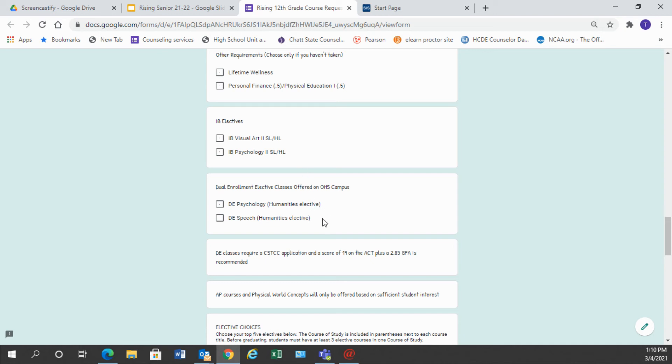There are some dual enrollment electives that we offer on this campus. We have dual enrollment psychology and dual enrollment speech. Again, you must have a GPA of 2.85 or higher and you'll have to complete an application in order to take those classes. So Miss Manning will reach out to you if you choose one of these, but both of those would be humanities electives.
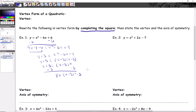Now pick out h and k to write the vertex and the axis of symmetry equation. Remember h works a little backwards from what you normally expect, so h is positive three. Then k is negative three. So the vertex is (3, −3) and the axis of symmetry is x equals three.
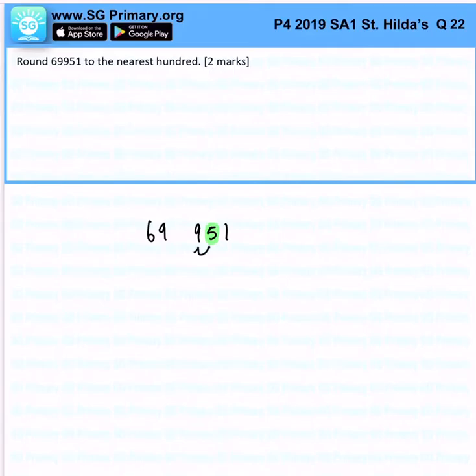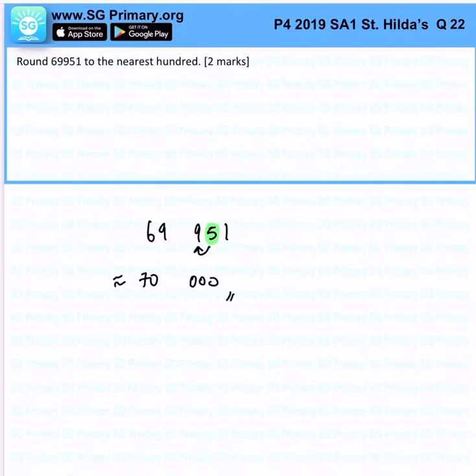This gives us seventy thousand. That is the answer for this question.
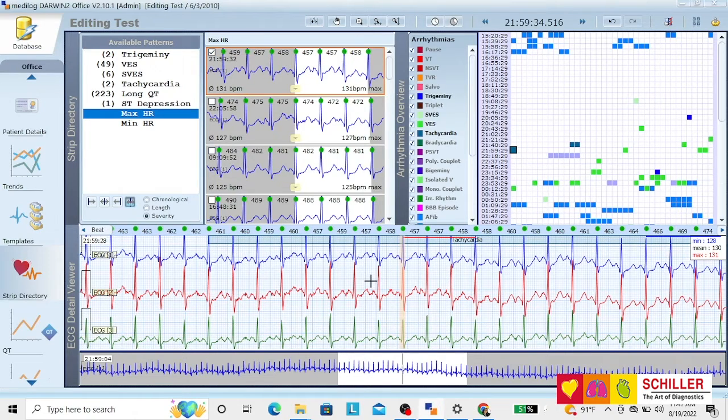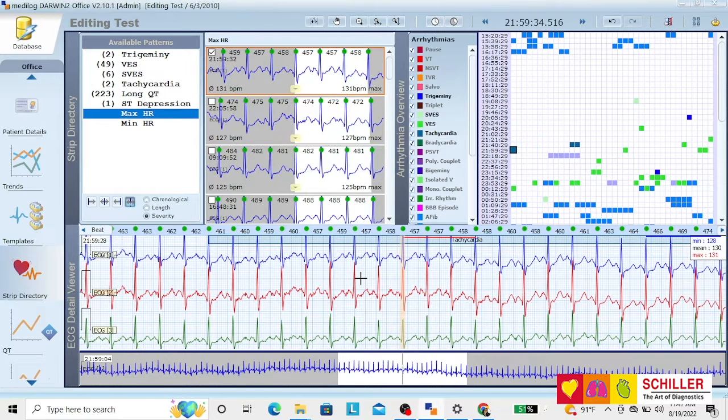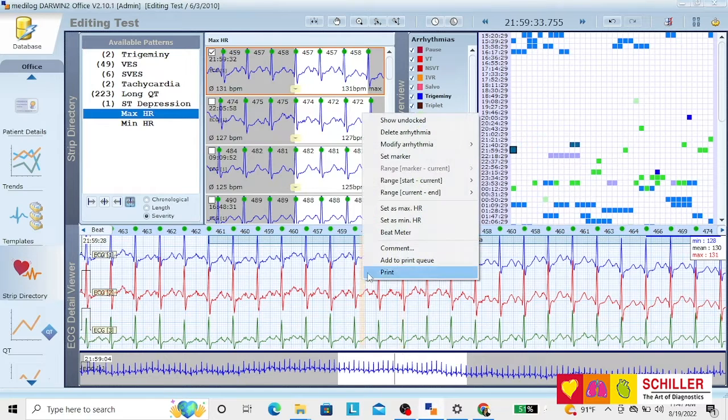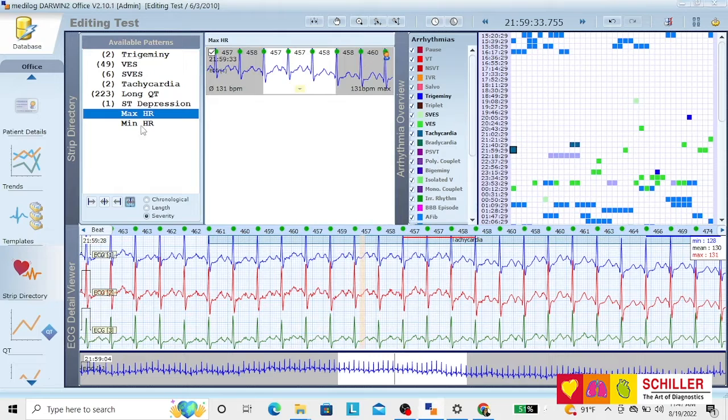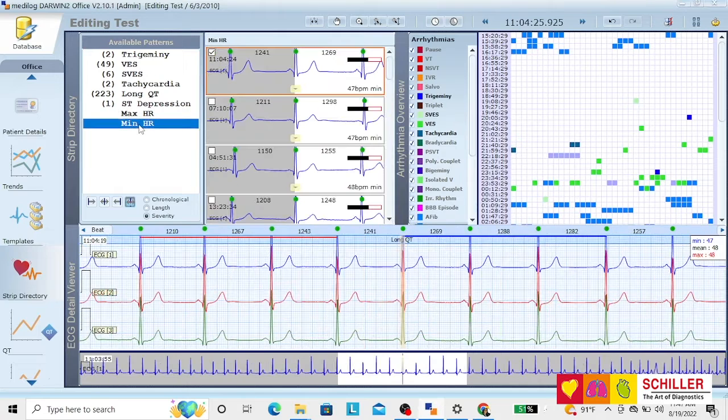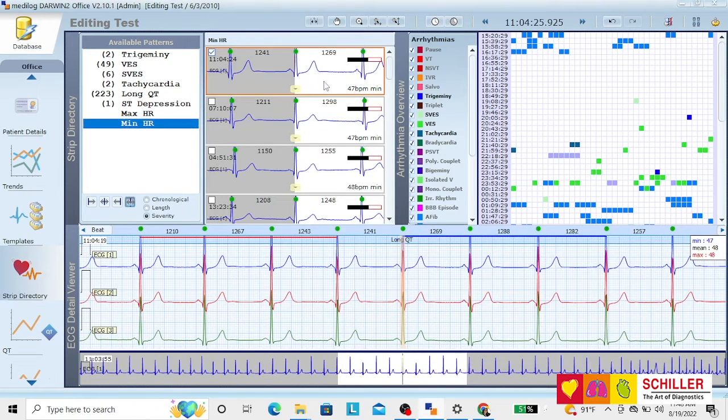This is really the maximum heart rate. Go down to the strip, right-click, and set as maximum heart rate. Same thing with minimum heart rate.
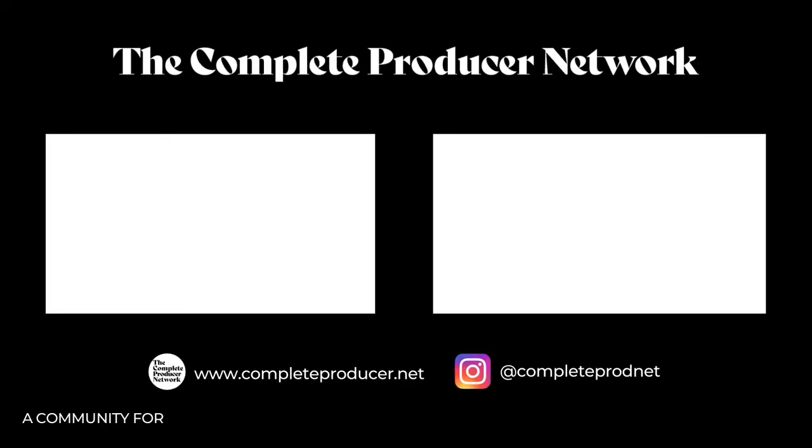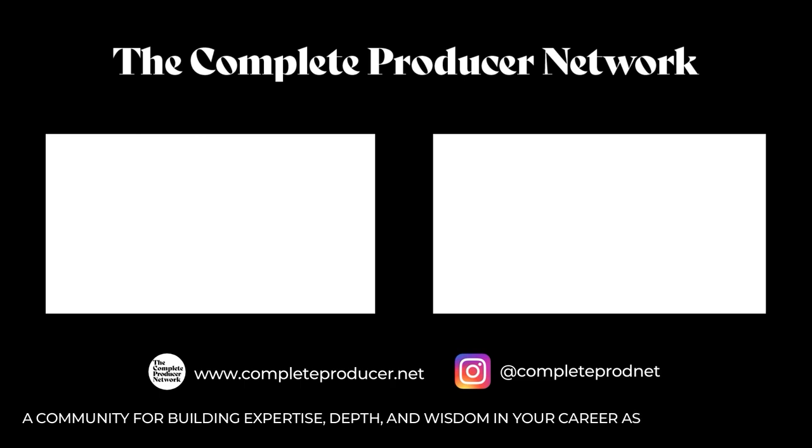Hey, we hope you enjoyed that video. A couple more links here for some talks we think you'll like. Please don't forget to subscribe to the channel and otherwise head over to completeproducer.net so that you can connect with other music making geniuses from all over the world. We'll see you there.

────────────────────

• _Try it_
The records above must be echoed exactly, minus their pictures.

• _Answer box_
There are some dual enrollment electives that we offer on this campus. We have dual enrollment psychology and dual enrollment speech. Again, you must have a GPA of 2.85 or higher and you'll have to complete an application in order to take those classes. So Miss Manning will reach out to you if you choose one of these, but both of those would be humanities electives.
Now pick out h and k to write the vertex and the axis of symmetry equation. Remember h works a little backwards from what you normally expect, so h is positive three. Then k is negative three. So the vertex is (3, −3) and the axis of symmetry is x equals three.
This gives us seventy thousand. That is the answer for this question.
This is really the maximum heart rate. Go down to the strip, right-click, and set as maximum heart rate. Same thing with minimum heart rate.
Hey, we hope you enjoyed that video. A couple more links here for some talks we think you'll like. Please don't forget to subscribe to the channel and otherwise head over to completeproducer.net so that you can connect with other music making geniuses from all over the world. We'll see you there.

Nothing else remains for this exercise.